As for the Footsie's current doldrums, analysts suspect second-quarter earnings news is need for the market to find direction. Better-than-expected first-quarter earnings, particularly from banks, were behind the sharp recovery in March and April.
'Investors are assessing what shape the recovery is likely to be and they are looking for tangible proof that positive, forward looking indicators will come to fruition,' Henk Potts, strategist at Barclays Wealth told Reuters.
'Investors will look to second-quarter earnings to see if they will be as supportive as the first.'
Attention today was again focused on the mining sector after commodity prices came under fresh pressure, leaving Rio Tinto 51p lower at 2,080p and BHP Billiton off 30p at 1,365p.
Xstrata's early gains were cancelled out by the day end - closing 5.6p down at 669.2p after it put more pressure on its takeover target Anglo American to come to the negotiating table.
Aviva Investors has said that it fully supports Anglo American's rejection of Xstrata's merger proposal, as it sees little financial or strategic merit for the deal and remains supportive of the current management team.
Insurers were also heading south after Prudential fell 10.5p to 406.25p, Aviva dropped 6.75p to 327.25p and Friends Provident declined 0.7p to 66.2p.
Other heavyweights under pressure included Vodafone, which dropped 1.55p to 117.1p and GlaxoSmithKline after a fall of 26.5p to 1080.5p.
Royal Bank of Scotland shares topped the Footsie leaderboard after Cazenove hiked its rating on the stock to 'outperform' from 'in-line' on recovery hopes. The shares rose 1.19p to 36.75p as the broker said a share price of 60p is achievable.

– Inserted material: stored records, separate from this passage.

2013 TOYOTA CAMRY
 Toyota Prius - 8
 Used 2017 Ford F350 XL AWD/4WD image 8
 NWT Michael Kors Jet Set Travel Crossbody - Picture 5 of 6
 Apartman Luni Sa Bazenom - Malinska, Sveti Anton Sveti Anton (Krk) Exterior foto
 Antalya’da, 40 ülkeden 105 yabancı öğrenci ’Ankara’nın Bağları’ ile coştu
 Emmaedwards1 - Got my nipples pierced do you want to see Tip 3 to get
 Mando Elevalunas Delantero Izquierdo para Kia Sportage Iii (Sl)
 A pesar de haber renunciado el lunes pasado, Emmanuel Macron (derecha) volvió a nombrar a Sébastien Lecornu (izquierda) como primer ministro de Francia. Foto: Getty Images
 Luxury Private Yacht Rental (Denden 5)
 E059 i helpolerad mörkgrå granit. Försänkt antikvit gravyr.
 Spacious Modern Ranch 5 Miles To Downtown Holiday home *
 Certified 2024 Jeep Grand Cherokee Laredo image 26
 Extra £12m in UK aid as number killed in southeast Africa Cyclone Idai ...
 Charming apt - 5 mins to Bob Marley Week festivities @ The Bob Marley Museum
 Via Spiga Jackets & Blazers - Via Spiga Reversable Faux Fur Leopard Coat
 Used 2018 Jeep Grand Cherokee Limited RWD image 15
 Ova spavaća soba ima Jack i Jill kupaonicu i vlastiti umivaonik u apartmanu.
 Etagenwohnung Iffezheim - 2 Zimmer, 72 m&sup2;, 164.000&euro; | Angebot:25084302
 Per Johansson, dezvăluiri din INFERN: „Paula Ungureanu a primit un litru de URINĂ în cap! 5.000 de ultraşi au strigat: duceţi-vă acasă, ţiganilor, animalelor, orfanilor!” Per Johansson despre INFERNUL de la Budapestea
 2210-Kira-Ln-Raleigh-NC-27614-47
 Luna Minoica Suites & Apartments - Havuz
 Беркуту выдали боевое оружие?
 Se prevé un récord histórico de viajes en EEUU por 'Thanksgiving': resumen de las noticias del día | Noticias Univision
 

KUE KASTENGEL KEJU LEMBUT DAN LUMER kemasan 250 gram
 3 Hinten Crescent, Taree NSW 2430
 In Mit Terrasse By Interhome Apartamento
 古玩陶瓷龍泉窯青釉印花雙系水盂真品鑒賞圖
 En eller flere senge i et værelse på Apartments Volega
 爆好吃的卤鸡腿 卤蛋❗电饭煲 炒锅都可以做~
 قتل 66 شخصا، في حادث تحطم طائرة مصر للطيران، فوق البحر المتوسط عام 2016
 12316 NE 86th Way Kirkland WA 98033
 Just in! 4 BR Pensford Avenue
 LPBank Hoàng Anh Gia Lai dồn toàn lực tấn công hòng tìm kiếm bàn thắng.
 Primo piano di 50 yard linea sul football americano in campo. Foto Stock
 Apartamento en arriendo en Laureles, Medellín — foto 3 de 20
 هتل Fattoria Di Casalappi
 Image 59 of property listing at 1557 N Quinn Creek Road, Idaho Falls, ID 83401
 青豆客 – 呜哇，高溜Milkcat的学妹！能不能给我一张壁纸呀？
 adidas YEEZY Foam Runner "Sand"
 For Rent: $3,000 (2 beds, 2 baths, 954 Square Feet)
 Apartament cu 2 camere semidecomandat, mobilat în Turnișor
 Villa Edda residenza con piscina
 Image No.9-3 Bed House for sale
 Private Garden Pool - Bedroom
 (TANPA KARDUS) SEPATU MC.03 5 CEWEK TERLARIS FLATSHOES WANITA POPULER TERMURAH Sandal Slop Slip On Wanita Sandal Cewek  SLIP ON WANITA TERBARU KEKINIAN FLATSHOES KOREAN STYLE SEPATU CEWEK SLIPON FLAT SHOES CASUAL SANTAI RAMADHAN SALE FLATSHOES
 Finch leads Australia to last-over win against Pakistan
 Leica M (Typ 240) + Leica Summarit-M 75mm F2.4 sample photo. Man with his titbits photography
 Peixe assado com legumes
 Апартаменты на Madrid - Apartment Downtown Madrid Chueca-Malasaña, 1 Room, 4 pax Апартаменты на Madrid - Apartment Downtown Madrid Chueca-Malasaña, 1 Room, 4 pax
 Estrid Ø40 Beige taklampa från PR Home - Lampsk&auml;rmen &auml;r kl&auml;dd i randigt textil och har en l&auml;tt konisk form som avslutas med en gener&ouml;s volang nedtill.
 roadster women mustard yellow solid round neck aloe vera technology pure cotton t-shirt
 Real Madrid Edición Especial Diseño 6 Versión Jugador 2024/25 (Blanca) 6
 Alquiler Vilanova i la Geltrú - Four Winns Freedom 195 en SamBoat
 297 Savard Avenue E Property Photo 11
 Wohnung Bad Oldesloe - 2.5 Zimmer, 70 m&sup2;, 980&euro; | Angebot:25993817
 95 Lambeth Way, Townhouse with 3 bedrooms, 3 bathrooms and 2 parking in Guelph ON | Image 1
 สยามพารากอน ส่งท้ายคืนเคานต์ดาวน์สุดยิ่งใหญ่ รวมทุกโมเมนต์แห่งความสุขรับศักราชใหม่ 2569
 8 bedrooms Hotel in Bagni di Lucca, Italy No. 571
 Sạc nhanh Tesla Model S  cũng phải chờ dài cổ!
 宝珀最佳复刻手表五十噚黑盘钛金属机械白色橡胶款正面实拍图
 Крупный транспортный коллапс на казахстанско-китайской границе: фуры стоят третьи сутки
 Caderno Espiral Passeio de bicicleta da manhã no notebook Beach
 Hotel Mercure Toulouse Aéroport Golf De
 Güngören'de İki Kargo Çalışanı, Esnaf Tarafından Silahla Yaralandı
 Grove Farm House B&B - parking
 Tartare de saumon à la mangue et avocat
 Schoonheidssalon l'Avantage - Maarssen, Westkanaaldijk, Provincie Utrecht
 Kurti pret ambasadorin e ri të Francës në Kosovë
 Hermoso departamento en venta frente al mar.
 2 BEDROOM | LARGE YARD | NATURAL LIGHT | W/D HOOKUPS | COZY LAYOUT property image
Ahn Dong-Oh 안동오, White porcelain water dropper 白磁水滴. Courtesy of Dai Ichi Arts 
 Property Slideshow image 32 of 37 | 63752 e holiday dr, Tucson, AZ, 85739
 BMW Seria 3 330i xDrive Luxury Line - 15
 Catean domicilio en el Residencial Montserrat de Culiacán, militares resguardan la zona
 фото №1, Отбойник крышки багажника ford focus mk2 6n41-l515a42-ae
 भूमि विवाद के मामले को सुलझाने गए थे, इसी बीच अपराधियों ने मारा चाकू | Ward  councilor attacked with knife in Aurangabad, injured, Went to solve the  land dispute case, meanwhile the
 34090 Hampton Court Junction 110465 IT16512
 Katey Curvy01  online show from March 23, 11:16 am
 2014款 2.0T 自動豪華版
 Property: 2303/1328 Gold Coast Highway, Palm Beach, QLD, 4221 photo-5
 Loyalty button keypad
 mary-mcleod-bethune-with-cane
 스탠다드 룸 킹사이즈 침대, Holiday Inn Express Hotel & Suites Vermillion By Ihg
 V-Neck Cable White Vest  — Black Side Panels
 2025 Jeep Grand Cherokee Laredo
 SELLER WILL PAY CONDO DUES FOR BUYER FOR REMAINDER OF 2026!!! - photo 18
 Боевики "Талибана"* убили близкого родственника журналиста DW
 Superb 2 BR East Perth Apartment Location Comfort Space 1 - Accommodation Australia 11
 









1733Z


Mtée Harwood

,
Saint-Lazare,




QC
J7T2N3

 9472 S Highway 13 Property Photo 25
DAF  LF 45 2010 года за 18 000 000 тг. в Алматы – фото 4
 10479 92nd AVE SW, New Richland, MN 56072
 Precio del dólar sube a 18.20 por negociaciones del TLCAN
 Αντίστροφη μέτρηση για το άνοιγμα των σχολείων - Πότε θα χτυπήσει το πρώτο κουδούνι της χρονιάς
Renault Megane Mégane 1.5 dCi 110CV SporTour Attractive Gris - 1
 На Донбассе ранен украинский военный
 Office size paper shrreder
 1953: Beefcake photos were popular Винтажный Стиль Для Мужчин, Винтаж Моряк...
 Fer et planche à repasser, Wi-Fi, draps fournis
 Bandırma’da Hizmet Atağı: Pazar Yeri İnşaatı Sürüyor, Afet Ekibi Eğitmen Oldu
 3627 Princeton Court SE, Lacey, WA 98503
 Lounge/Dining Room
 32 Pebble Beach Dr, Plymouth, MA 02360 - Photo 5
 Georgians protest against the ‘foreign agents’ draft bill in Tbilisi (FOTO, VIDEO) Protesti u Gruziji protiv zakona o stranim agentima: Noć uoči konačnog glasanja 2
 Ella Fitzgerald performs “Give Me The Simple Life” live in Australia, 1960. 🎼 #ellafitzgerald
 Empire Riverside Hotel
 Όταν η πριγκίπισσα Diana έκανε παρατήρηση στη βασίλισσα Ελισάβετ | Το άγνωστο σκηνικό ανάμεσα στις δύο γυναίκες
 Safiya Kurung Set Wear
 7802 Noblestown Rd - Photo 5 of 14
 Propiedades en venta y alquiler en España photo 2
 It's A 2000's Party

The rest of the sector struggled for direction with HSBC down 12.65p at 505.5p and Lloyds Banking Group off 1.07p at 66.5p. Standard Chartered fell 28p to 1167p after it reported strong trading in the first five months of the year but said it remained cautious about prospects.
The biggest corporate news of the session came from DSG International after the PC World owner reported losses of £140m. However, investors were encouraged by recent signs of trading stability, leaving shares 0.75p higher at 24.5p in early trading. They later closed unmoved at 23.75p.
Directories firm Yell set the pace in the FTSE 250 index as shares in the debt-laden group continued to recover after their battering earlier in the week. The stock was 0.75p higher at 28.25p.
Shares in Misys fell 2.25p to 169.5p after reporting a 40% rise in revenues that Evolution Securities says is 'slightly behind' its estimates.
'The end-markets are clearly tough, and beating margins while cashflow is poor, cost capitalisation is high and exceptionals continue, is not meaningful,' says Evolution Securities, which keeps its 'sell' rating.
Meanwhile, the UK's leading producer of recycled paper and corrugated packaging survived an 85% fall in profits as shares closed unmoved at 23.75p. DS Smith - which has seen a fall-off in demand for all its products - told investors that the timing of any recovery remained uncertain.